ヒッグス粒子
よみ方
ひっぐすりゅうし
英 語
Higgs boson
説 明
素粒子に質量を与えるスカラー場(ヒッグス場)とその励起状態であるヒッグス粒子(電荷0、スピン0のボソン)の存在が1960年代半ばに提唱された。自発的対称性の破れにより真空期待値をもつようになったヒッグス場とゲージ粒子の相互作用により質量が生み出されるメカニズムをヒッグス機構と呼ぶ。フェルミ粒子とヒッグス場との相互作用は、湯川結合と呼ばれる別の機構である。ヒッグス粒子の存在が実証され、ヒッグス粒子と素粒子(ゲージ粒子とフェルミ粒子)の結合の強さが、その素粒子の質量に比例すれば、これらのメカニズムが正しいことが示される。
長年探し求められていたヒッグス粒子は、2012年7月に欧州原子核研究機構(CERN)の大型ハドロン衝突加速器(LHC)によって発見され、これによって現在の素粒子の標準模型の正しさが確認された。

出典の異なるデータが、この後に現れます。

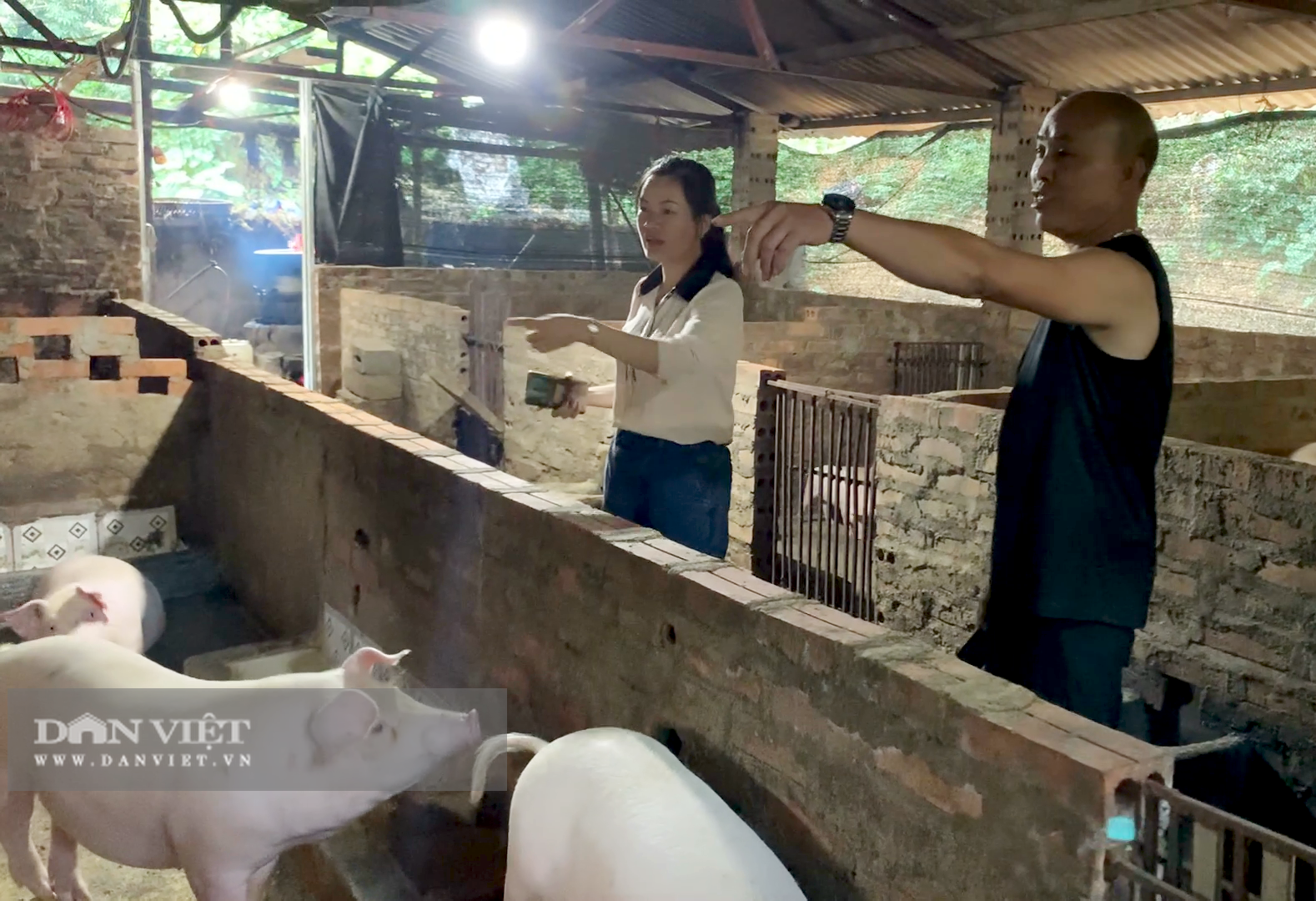 Giữa rừng không lo dịch bệnh, nông dân Cao Bằng bỏ túi hơn 500 triệu đồng/năm nhờ nuôi lợn - Ảnh 8.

ヒッグス粒子は力の統一理論において、弱い力と電磁気力の統一に関わる粒子でもある。湯川機構の正しさも現在検証が行われている。
1964年にヒッグス機構とヒッグス粒子などを理論的に提唱したイギリスのヒッグス(P. Higgs)とベルギーのアングレール(F. Englert)は、2013年にノーベル物理学賞を受賞した。